And then run the server via:

package main

import (
    "net"
    "google.golang.org/grpc"
    "github.com/zostay/gobert/pkg/gobert/api/v1"
    "github.com/zostay/gobert/pkg/srv/grpcServer"
)

func main() {
    l, err := net.Listen("tcp", ":8080")
    if err != nil {
        panic(err)
    }

    gsrv := grpc.NewServer()
    api.RegisterReservationsServiceServer(gsrv, &grpcServer.ReservationServer{})
    err = gsrv.Serve(l)
    if err != nil {
        panic(err)
    }
}

Or I can run the API gateway with the same server implementation above:

package main

import (
   "github.com/gin-gonic/gin"
   "github.com/zostay/gobert/pkg/gobert/api/v1" 
   "github.com/zostay/gobert/pkg/srv/grpcServer"
)

func main() {
    e := gin.Default()
    reg := ginapi.NewRegistry(e)

    api.RegisterGatewayReservationsServiceServer(reg, &grpcServer.ReservationServer{})

    httpSrv := &http.Server{
        Addr:    ":8080",
        Handler: e,
    }

    l, err := net.Listen("tcp", ":8080")
    if err != nil {
        panic(err)
    }

    err = httpSrv.Serve(l)
    if err != nil {
        panic(err)
    }
}

And finally, for each RPC defined, you also get a neatly defined OpenAPI v3 Specification to work with.
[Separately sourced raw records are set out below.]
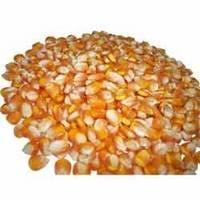 Yellow and White Corn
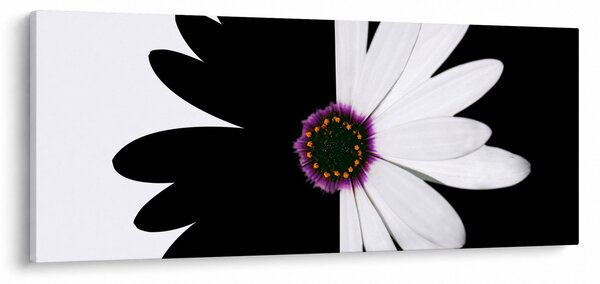 Tablou - Floare, alb- negru (120x50 cm)
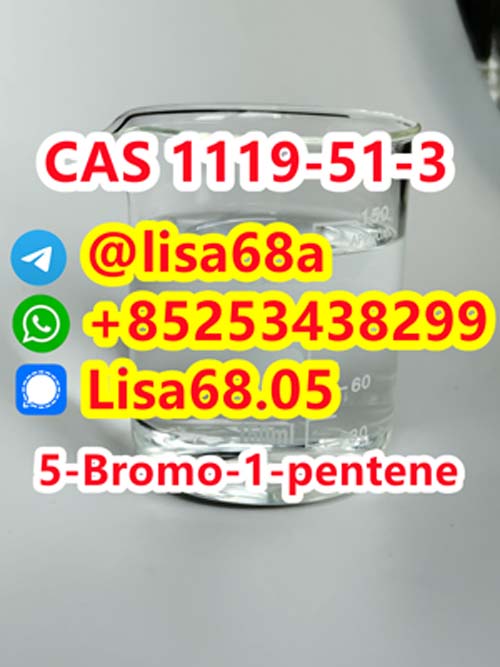 CAS 1119-51-3 5-Bromo-1-pentene C5H9Br รูปที่ 1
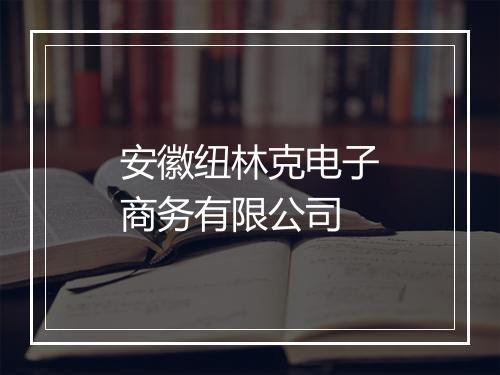安徽纽林克电子商务有限公司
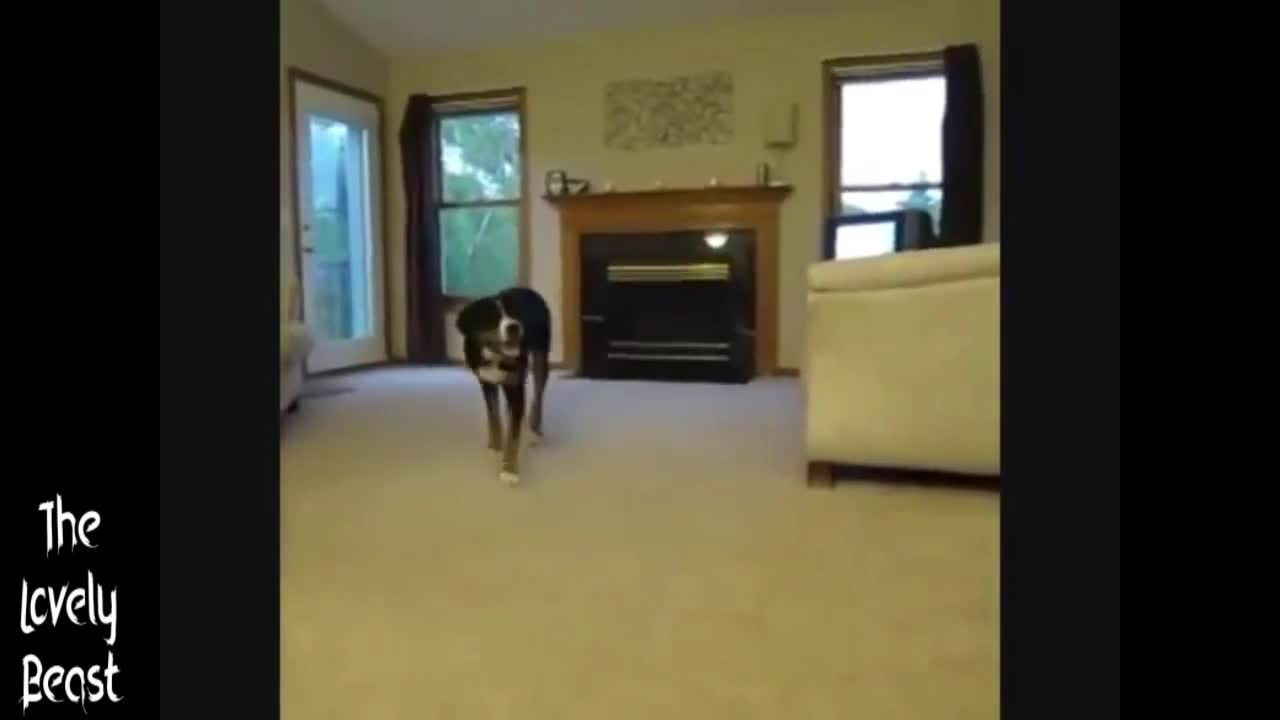 Dog Shows Who is Boss 🤣😂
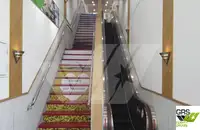 Ro-Ro ship فروخت کے لئے
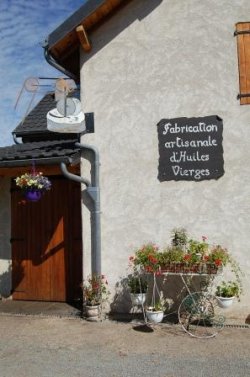 画像11: Huilerie de Blot EXVオリーブオイル（250ml）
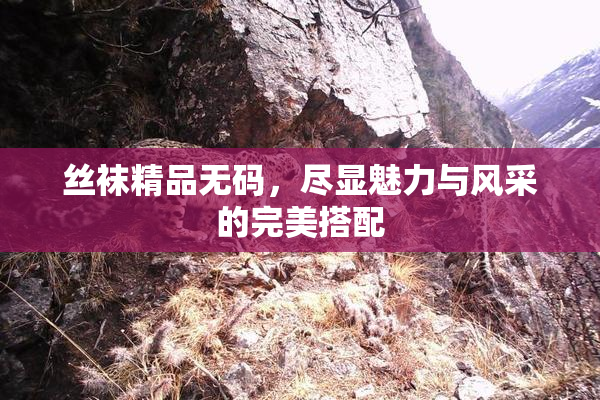 丝袜精品无码，尽显魅力与风采的完美搭配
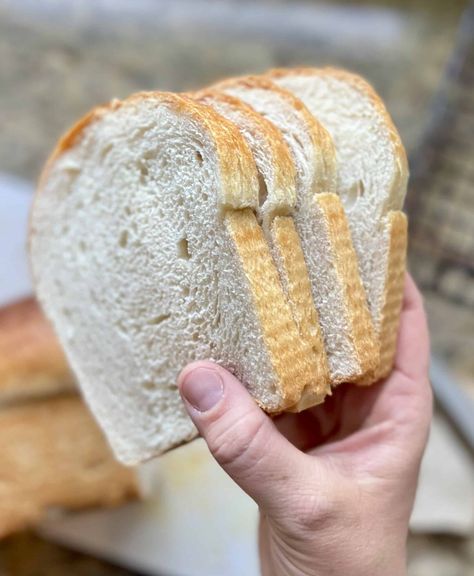 The Best Sourdough Discard Sandwich Bread - Amy Bakes Bread Soft Sandwich Bread Recipe, Sourdough Discard Sandwich Bread, Discard Sandwich Bread, Sandwhich Bread, Sourdough Starters, Sourdough Muffins, Discard Recipe, Sourdough Bread Sandwiches, Sourdough Sandwich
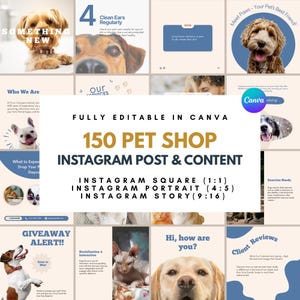 Pets Instagram Post Template Pet Instagram Story Template Pets Instagram Templates, Posts for Grooming Business & Pet Shops Pet Social Media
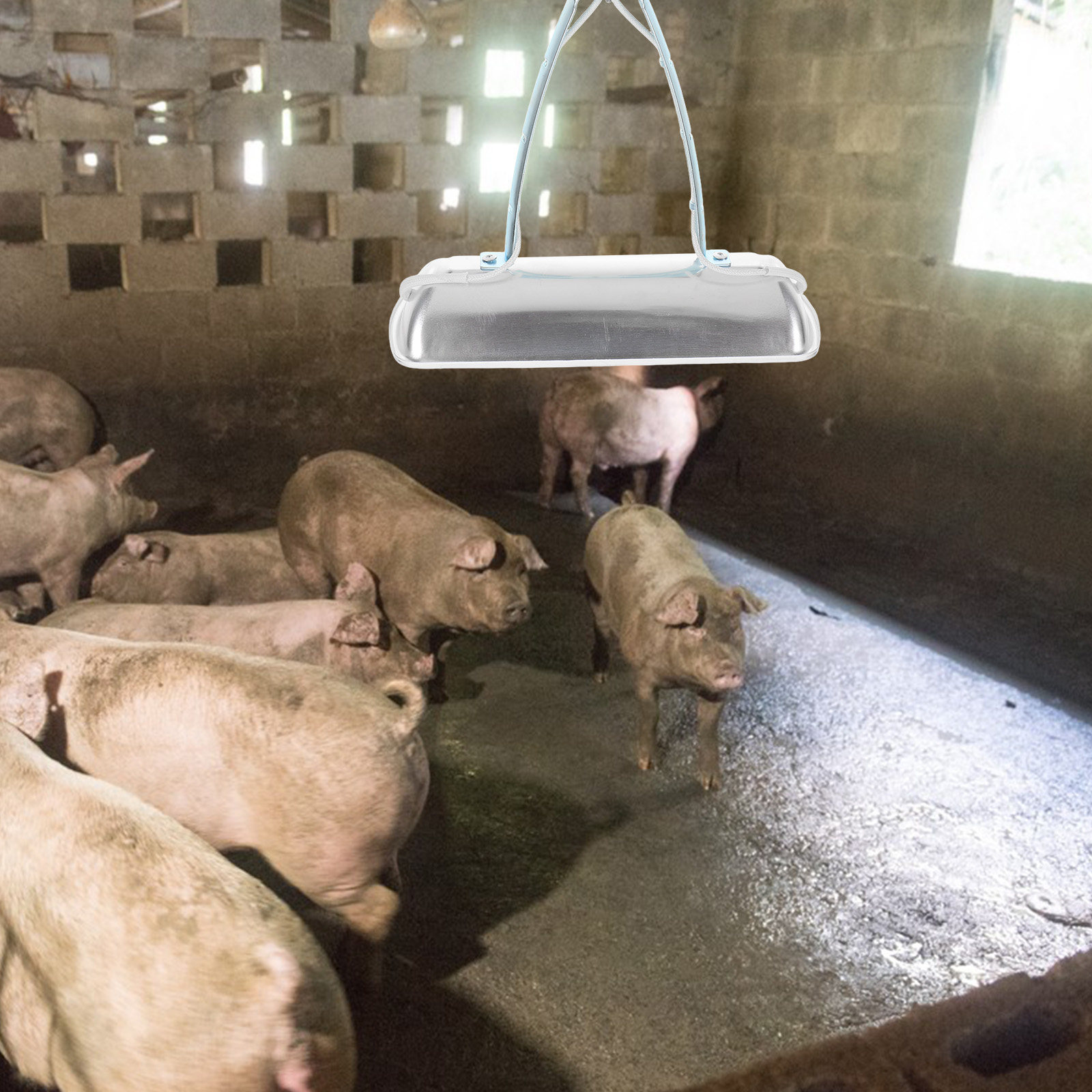 Pig Farm Heat Lamp Bulb E27 25 - đánh giá và giá Farming A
To build the client-side SDK tools, I found that the API generator openapi-typescript was more than adequate for the modest needs of my little website. A heavier code-generation tool might work well for a language like Golang or Java, but for client-side code, I find lightweight tooling tends to go farther with fewer complications.

I really wanted to take an opportunity to document this tool that Paul Querna put together and also say thanks to Logan Saso who pointed me to it and gave me some initial pointers on how to get started. I think it’s a really great tool even if it just ends up being me and ConductorOne who ever uses it.

Cheers.